Awesome
IdaClu
IdaClu is an IDA Pro plugin with a straightforward 3-step loop pipeline:
- Find similarities in functions;
- Label grouped functions in bulk;
- Repeat step 1 for labeled functions.
The distinctive feature of the plugin lies in "how" of search and labeling.
IdaClu won 1st place in the Hex-Rays Plugin Contest 2023 !
The Purpose
In addition to the plugin ecosystem, the IDA user community creates a wealth of incredible scripts, varying in complexity. Some could greatly benefit from standardized input/output data format and GUI-interface. However, due to time constraints, the relative complexity of learning PyQt/PySide, and the challenge of navigating several backward-incompatible versions of the IDAPython API many community members are unable to support these efforts. As a result, even the best of us sometimes resort to parsing custom data formats from text files or output window of IDA.

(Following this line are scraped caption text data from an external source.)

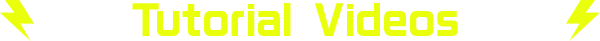 Tutorial Videos
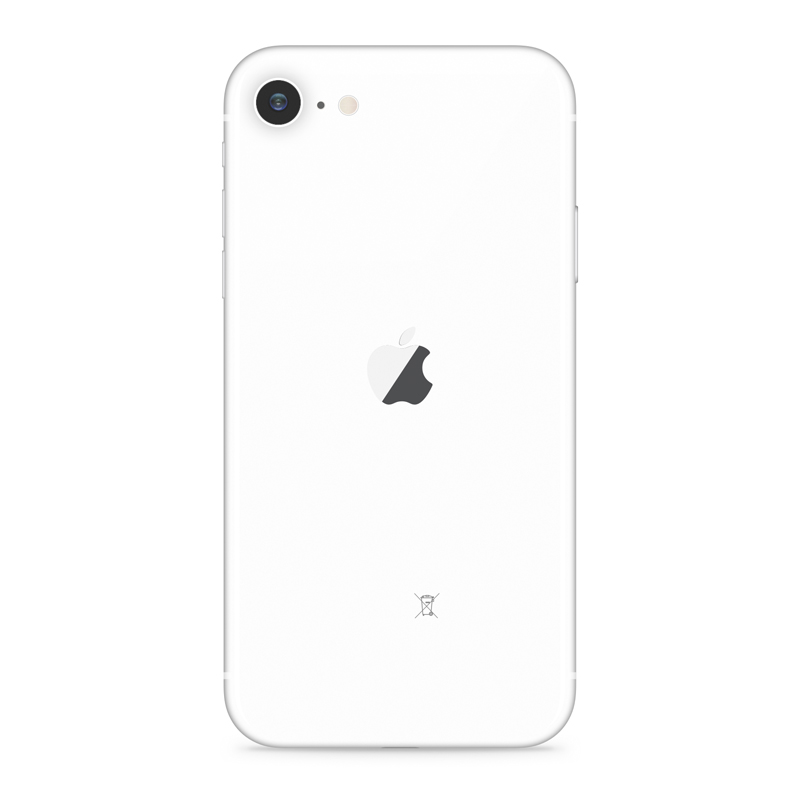 Apple iPhone SE 2020 A2275 LL 128GB Tela 4.7 Cam 12MP/7MP Ios -White
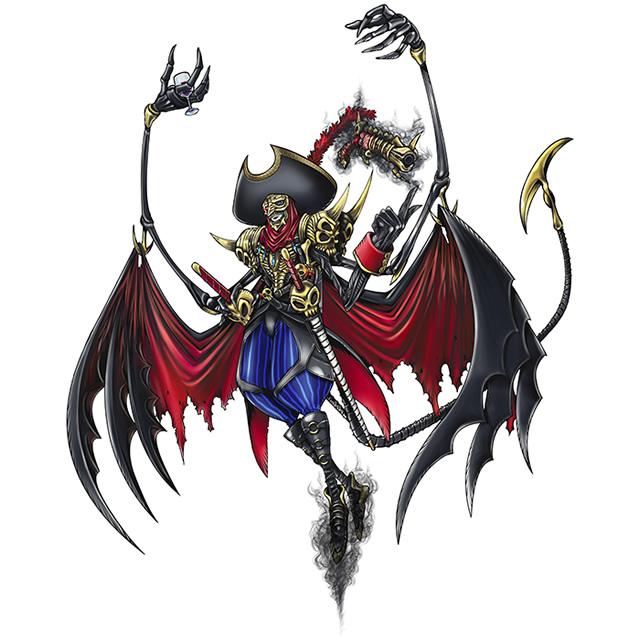 吸血魔兽|吸血魔兽的五大究极体，哪位才是他最理想的形态呢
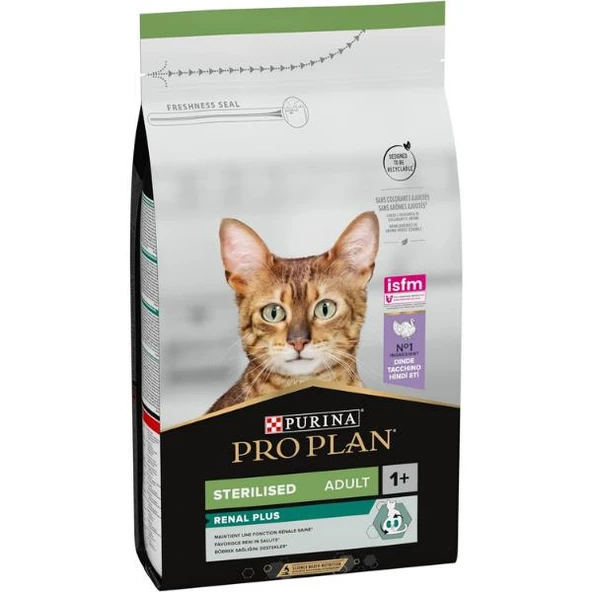 Pro Plan Sterilised Hindili Kısırlaştırılmış Kedi Maması 1,5Kg - 3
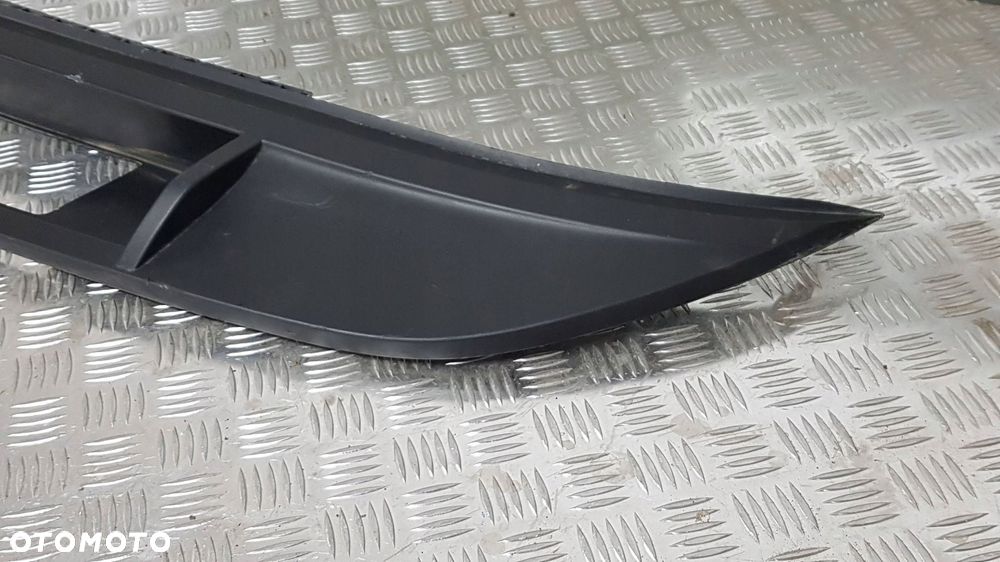 vw touran iii dokładka spojler zderzaka tył tylny - 2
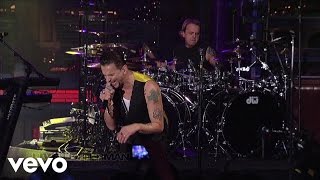 Depeche Mode  Soft TouchRaw Nerve Live on Letterman [upl. by Oab782]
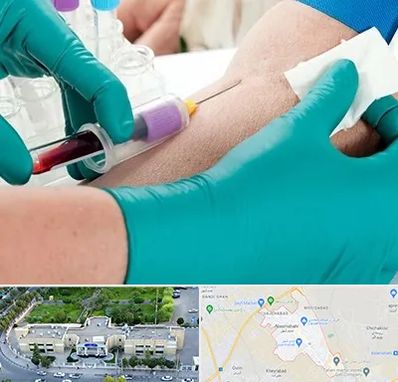 آزمایشگاه در منزل در نسیم شهر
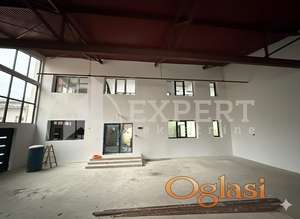 Izdaje se poslovni prostor u Mašinskoj industriji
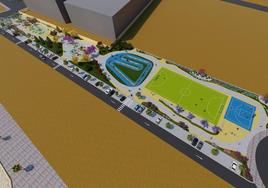 Amat anuncia un parque de 9.000 metros cuadrados en Las Salinas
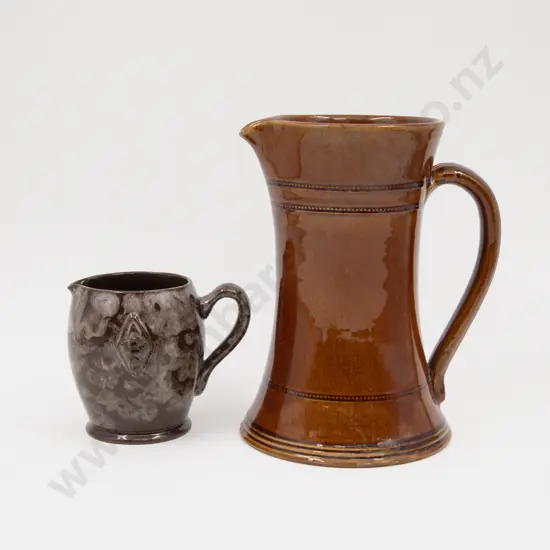 NZ Colonial Stoneware Water Jug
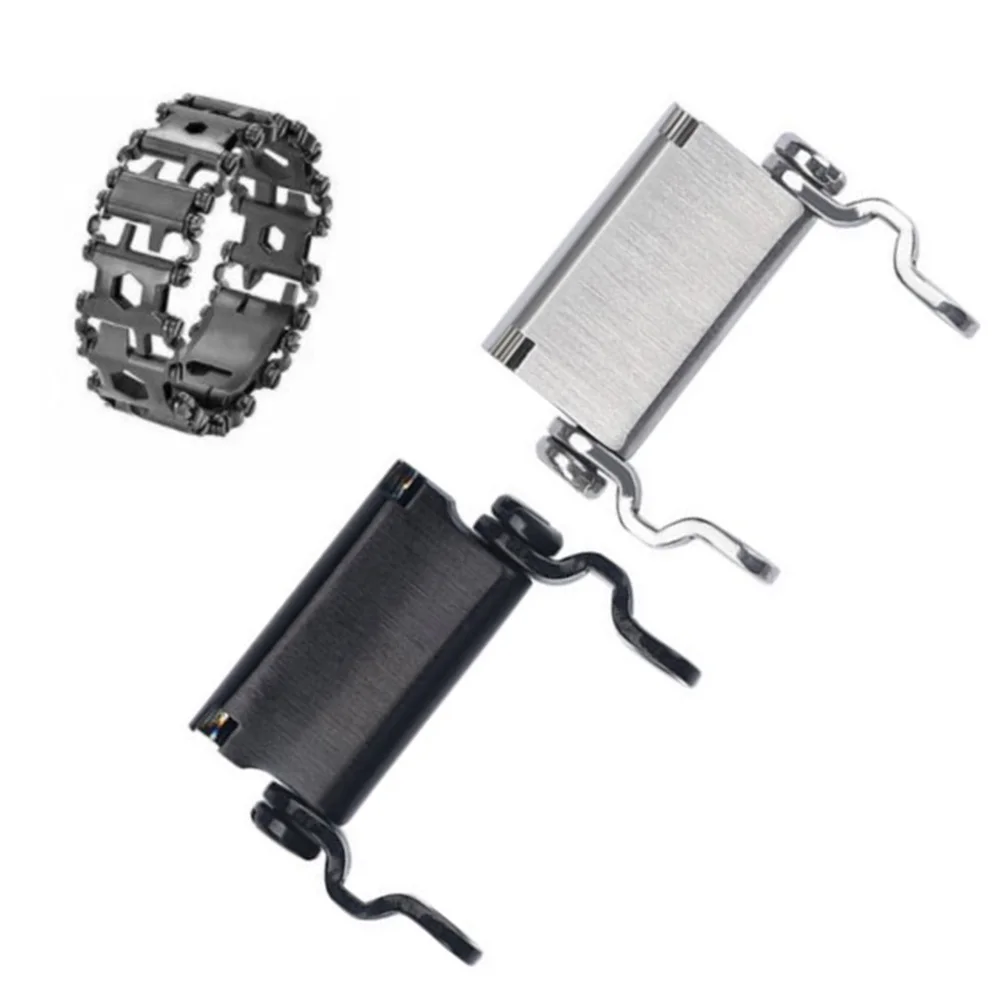 2pcs Link Watch Adapter Accessories For Tread Multi-Functional Tool For Men Adjustable Buckle 16~24mm
2pcs Link Watch Adapter Accessories For Tread Multi-Functional Tool For Men Adjustable Buckle 16~24mm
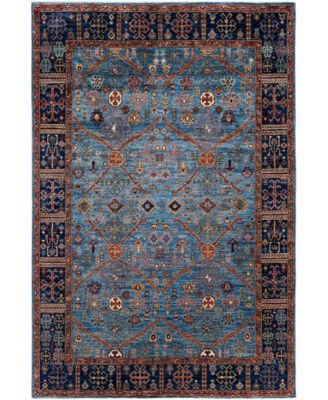 ADORN HAND WOVEN RUGS - Serapi M1945 5'11''x8'11'' Area Rug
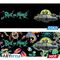 RICK & MORTY - Mug Heat Change 460 ml - Space Ship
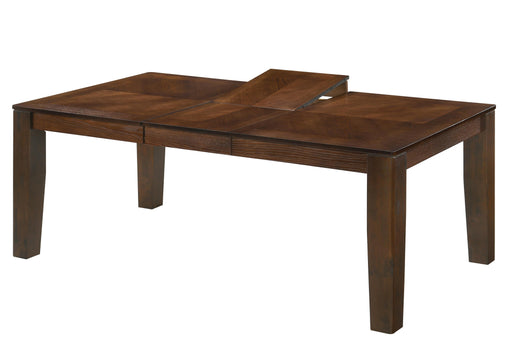 Milton Modern Style Dining Table in Espresso finish Wood image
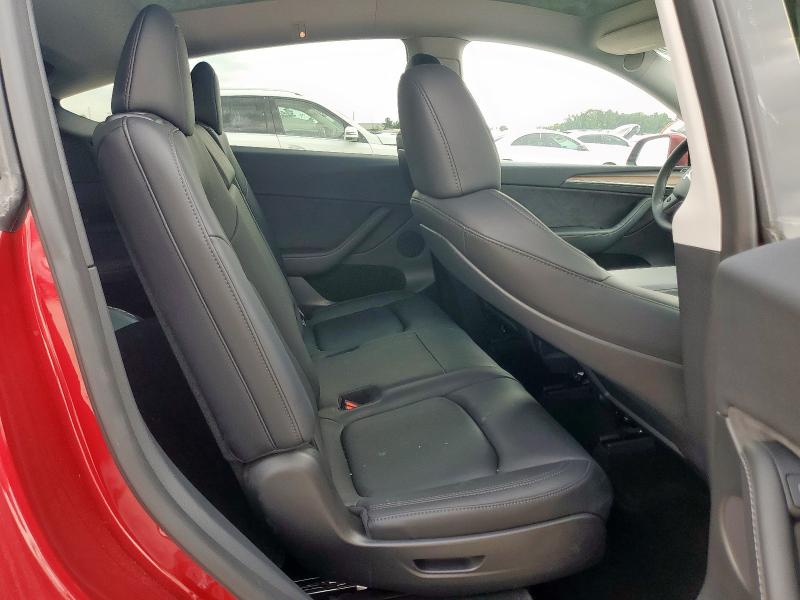 7SAYGAEE8RF011466 - 2024 TESLA MODEL Y Qırmızı foto 10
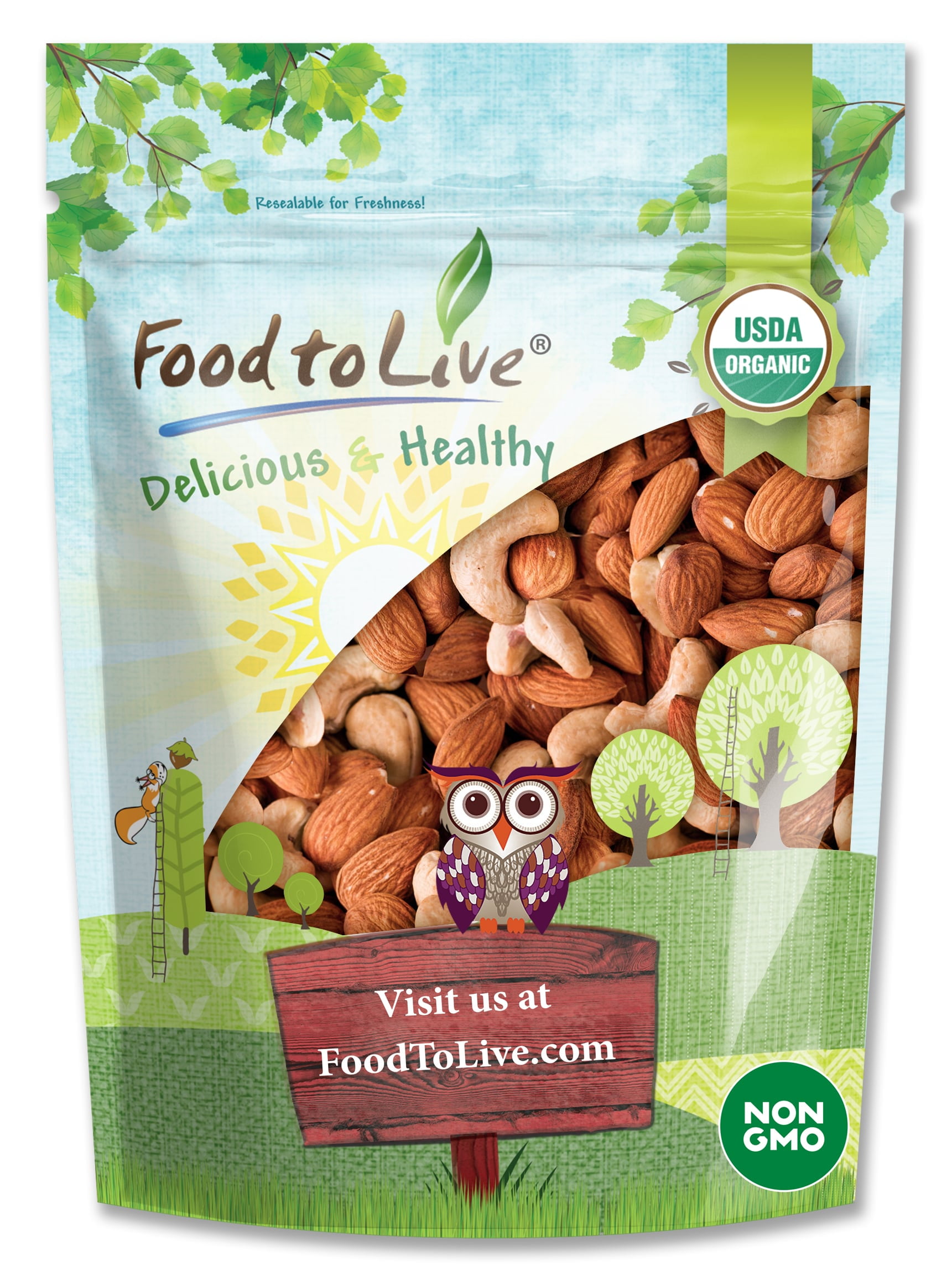 Free Back to Natures Non-GMO Roasted Nuts from Social Nature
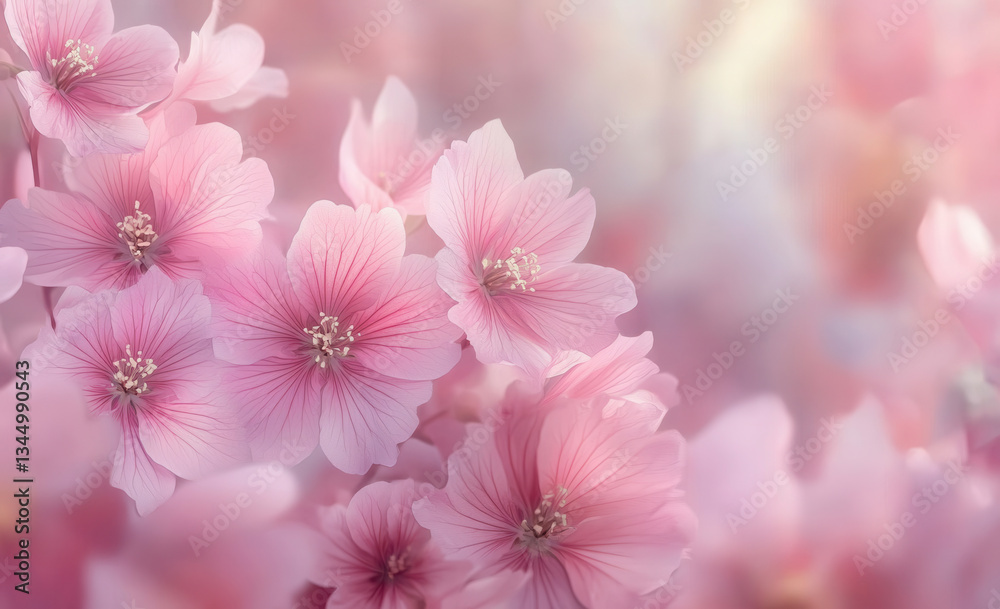 floral delicate spring background. hello spring Beautiful cherry blossoms in soft pink hues create a tranquil and dreamy atmosphere suitable for any nature-themed project floral delicate spring background. hello spring Beautiful cherry blossoms in soft pink hues create a tranquil and dreamy atmosphere suitable for any nature-themed project
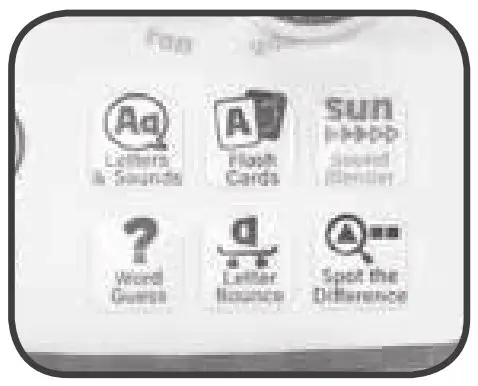 Activity Mode Buttons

IdaClu serves as a tree/table view for IDAPython scripts.
Providing the following features:
- labeling the functions with any combination of prefix-folder-color
- filtering the input/output
- using the progress bar indicator
- using the output of other scripts
- providing the output to other scripts
IDAPython-scripts serve as sub-plugins for IdaClu if they follow several conventions of how the script should be structured. One core intention is to minimize this impact.
The plugin comes with a set of x18 simplistic and handy scripts available out of the box. They form the basis and make IdaClu useful as a standalone tool. So support of the community is not a "must".
Standard Scripts
Scripts are grouped, and while most names are self-explanatory, some may need explanations:
- Xref Analysis
- Xref Count - group by code-xref count
- Xref Source - groups: leaf functions, functions with only explicit calls, functions with virtual calls
- Xref Destination - groups: independent functions, VFT-functions, library called functions
- Constant Analysis
- Common Constants - group by constants being referenced
- String Refs - group by string refs
- Global Variable Analysis - group by refs of defined names
- Lib Usage Analysis - group by library function calls
- API Usage Analysis - group by API-function calls
- Control Flow
- Control Flow Analysis - groups: loop-containing funcs, switch-case funcs, recursive funcs
- Pseudocode Size - group by pseudocode line count
- Code Coverage
- DynamoRIO Functions - groups: touched/untouched functions
- Function Similarity
- SSDEEP Similarity - groups: similar function clusters with ssdeep
- TLSH Similarity - groups: similar function clusters with tlsh
- Virtual Functions
- Explicit Calls - group by function call with arguments shown in comments
- Implicit Calls - group by VFT-function call with arguments shown in comments
- Filter Analysis
- Distinct Folders - group by folder path
- Distinct Prefixes - group by prefix name
- Distinct Colors - group by highlight color
User Interface
The user interface intentionally follows Miller's Law in UX - "The immediate memory span of people is limited to approximately seven items, plus or minus two."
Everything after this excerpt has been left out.